# What to work on
Please print, exactly, only the lines in the entries below from the line that has "Fuchsia Pink Pashmina Kurta And Pant" through the line that has "Custom Made Tribal". Pictures don't go in.

***** Input for this task *****

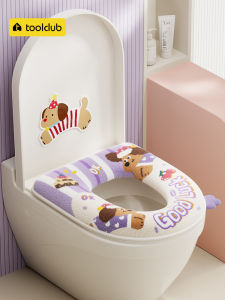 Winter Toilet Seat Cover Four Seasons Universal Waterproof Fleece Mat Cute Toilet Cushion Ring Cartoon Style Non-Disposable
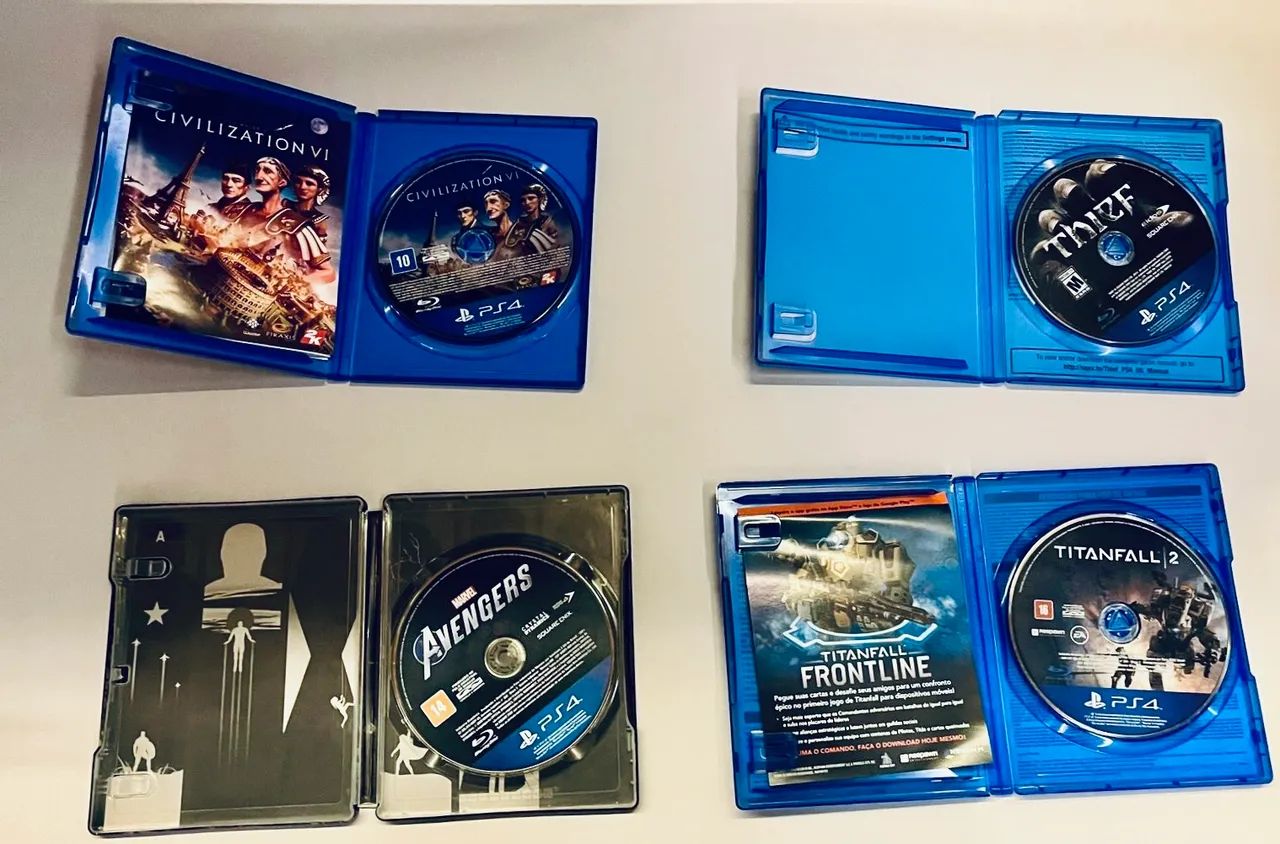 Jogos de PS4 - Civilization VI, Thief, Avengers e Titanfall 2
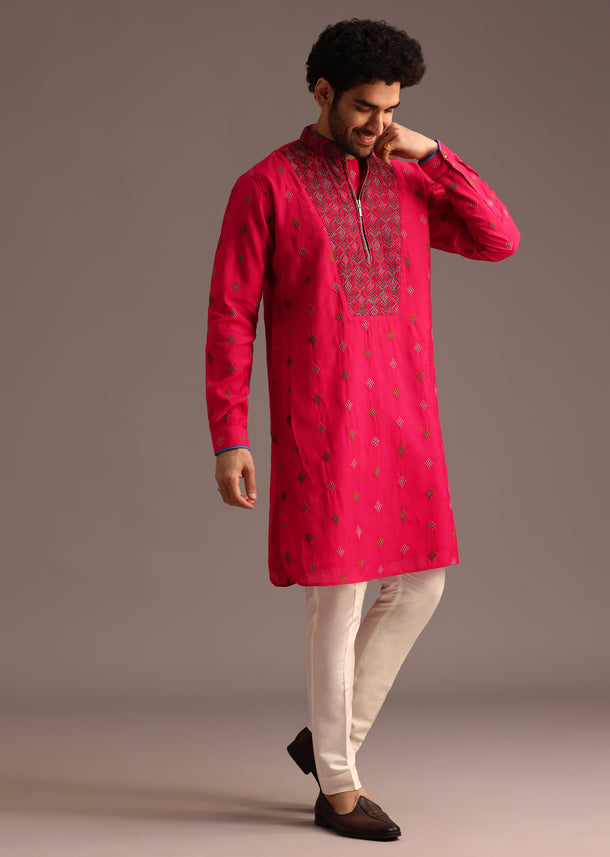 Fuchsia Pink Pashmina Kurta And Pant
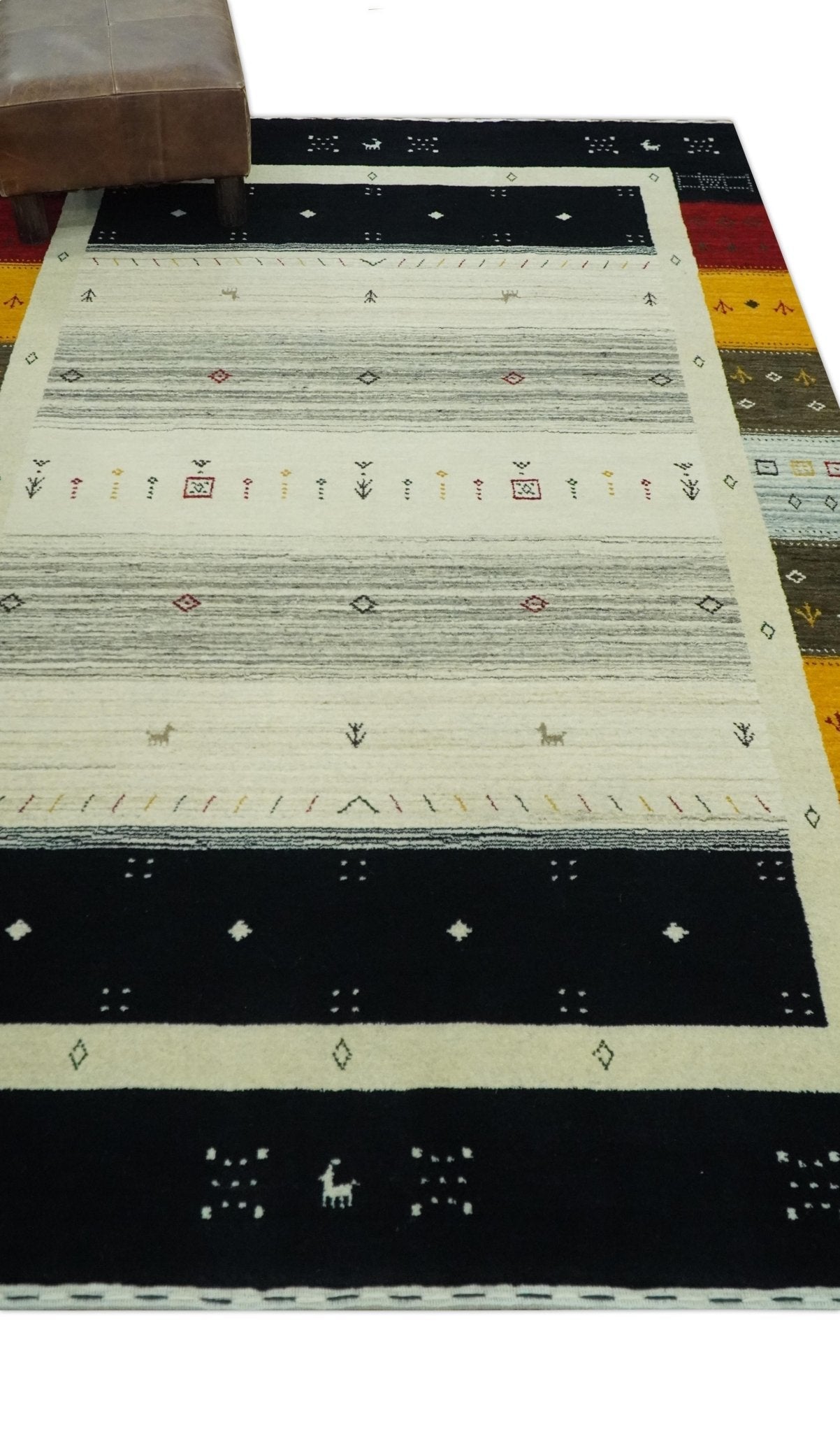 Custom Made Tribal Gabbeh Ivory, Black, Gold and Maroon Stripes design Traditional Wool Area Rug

*****
***** Input for this task *****

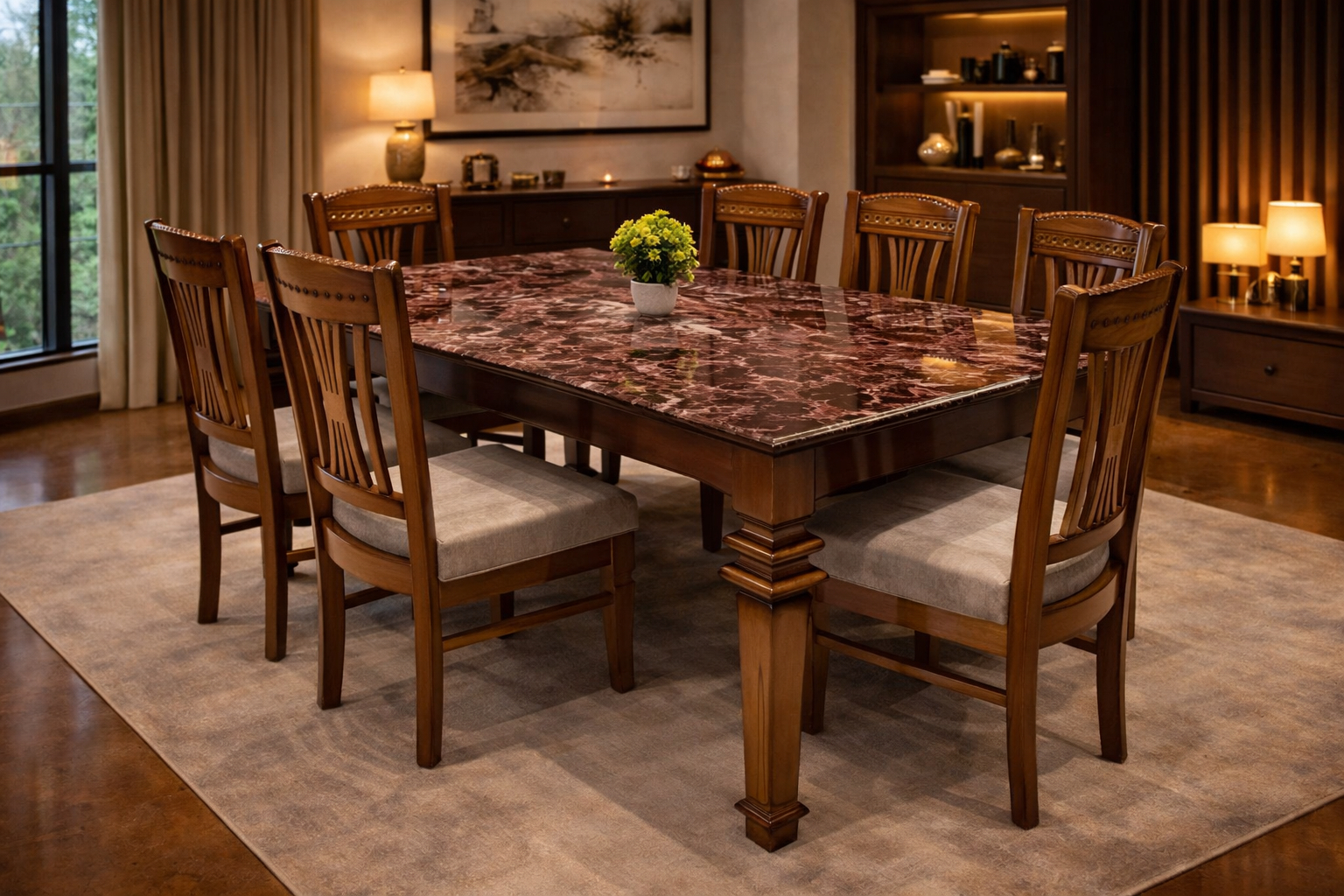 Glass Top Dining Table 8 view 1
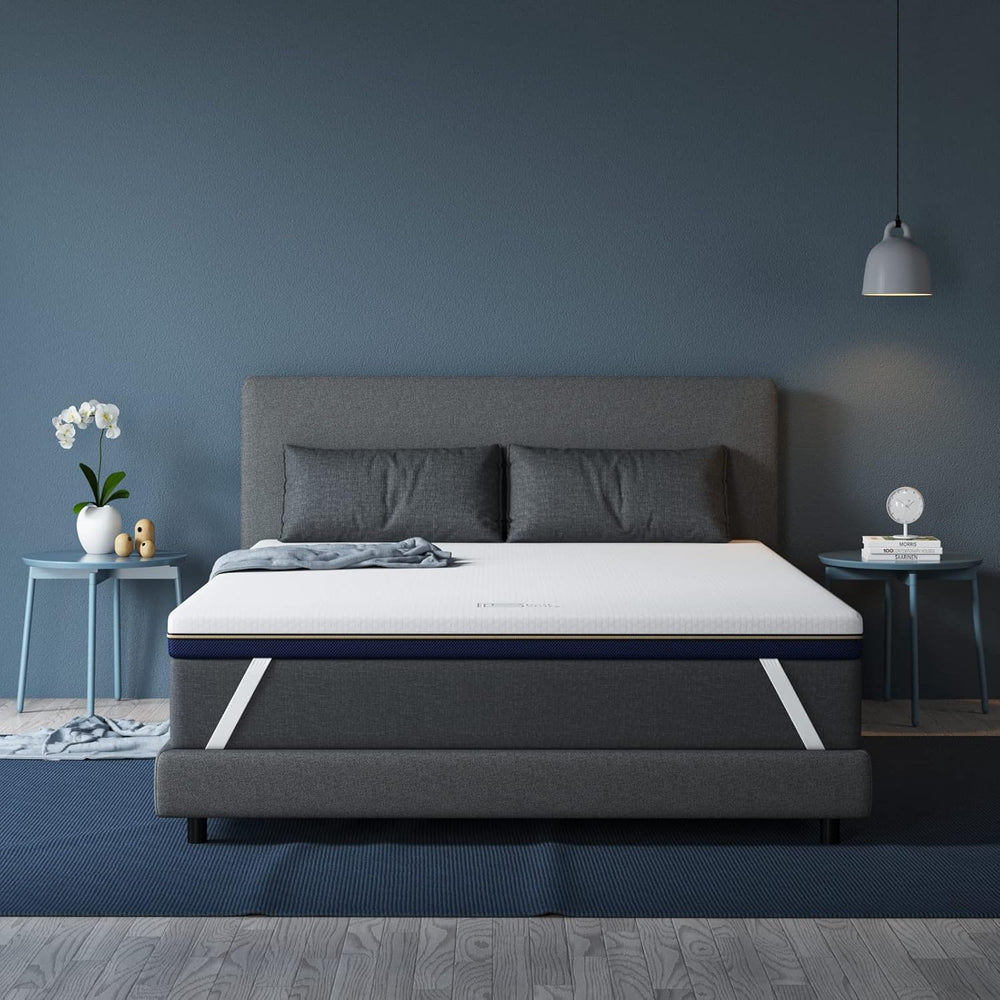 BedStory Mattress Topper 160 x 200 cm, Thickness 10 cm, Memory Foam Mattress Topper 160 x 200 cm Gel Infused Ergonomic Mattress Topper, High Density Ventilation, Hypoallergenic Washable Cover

*****

# The completed task
 Fuchsia Pink Pashmina Kurta And Pant
 Custom Made Tribal Gabbeh Ivory, Black, Gold and Maroon Stripes design Traditional Wool Area Rug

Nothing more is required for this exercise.